Malek est topographe et les cartes sont omniprésentes. Il s'agit de créer
des liens dans une société où ils se distendent. Peu à peu des lignes
se mettent en place, qui s'affirment dans Inland. Quelles sont
ces lignes de fuite ? Quelle est l'intention ?
Tariq Teguia : Est-ce que tu
me permets de ne pas être d'accord avec tout ce que tu as dit ?
Olivier Barlet : Bien sûr !
Tariq Teguia : Je n'ai jamais
eu le sentiment de faire des paysages mentaux.
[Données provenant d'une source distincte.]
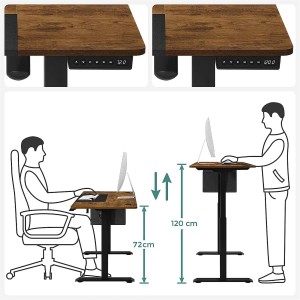 Mesa de Oficina CLOSEN, Elevable, Madera color Marrón y Negro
Ce à quoi j'essaye d'être
attentif, ce sont des paysages politiques. Qu'il y ait des corps qui les
traversent est clair : mon souci est de s'intéresser à ce qui est
dehors, à la peau. Ce sont des rapports tactiles, des odeurs, des gestes,
des rebroussements, des effondrements. Mais je constate que tu n'es pas
le seul à faire cette lecture. Là où je n'accroche pas, c'est la référence
à Camus. Ce n'est pas vers ce Camus que je me penche.
Olivier Barlet : J'en parlais
bien pour souligner ta façon de te détacher de ce type de pensée.
Tariq Teguia : Il peut y avoir
de la littérature ou du cinéma, mais pas Camus, plutôt Ginsberg, la poésie
américaine d'une époque. Mais en même temps, je comprends le rapprochement
mais ce n'est pas là que je regardais. Pour les lignes de fuite, je suis
entièrement d'accord. Ces paysages politiques ne sont pas un objet théorique
mais des espaces traversés par des individus qui ont des désirs, des peurs,
des absences, des impossibilités à faire - c'était le sens de La Clôture
-, de grands pessimistes, mais des "pessimistes hyperactifs" pour
reprendre la formule de Michel Foucault. Ce n'est pas de l'optimisme béat :
les luttes sont nécessaires, les résistances difficiles et on cherche
des points d'échappée… Il faut se trouver sa ligne de sorcier dans tout
ça pour échapper aux oppressions, à l'Etat, aux identifications, aux assignations,
à toutes les morales d'état civil, qu'elles soient algériennes ou européennes,
de Shengen ou d'ailleurs.
Olivier Barlet : Donc la fuite
comme résistance.
Tariq Teguia : Oui, il est
possible que je fuie mais dans ma fuite je cherche une arme.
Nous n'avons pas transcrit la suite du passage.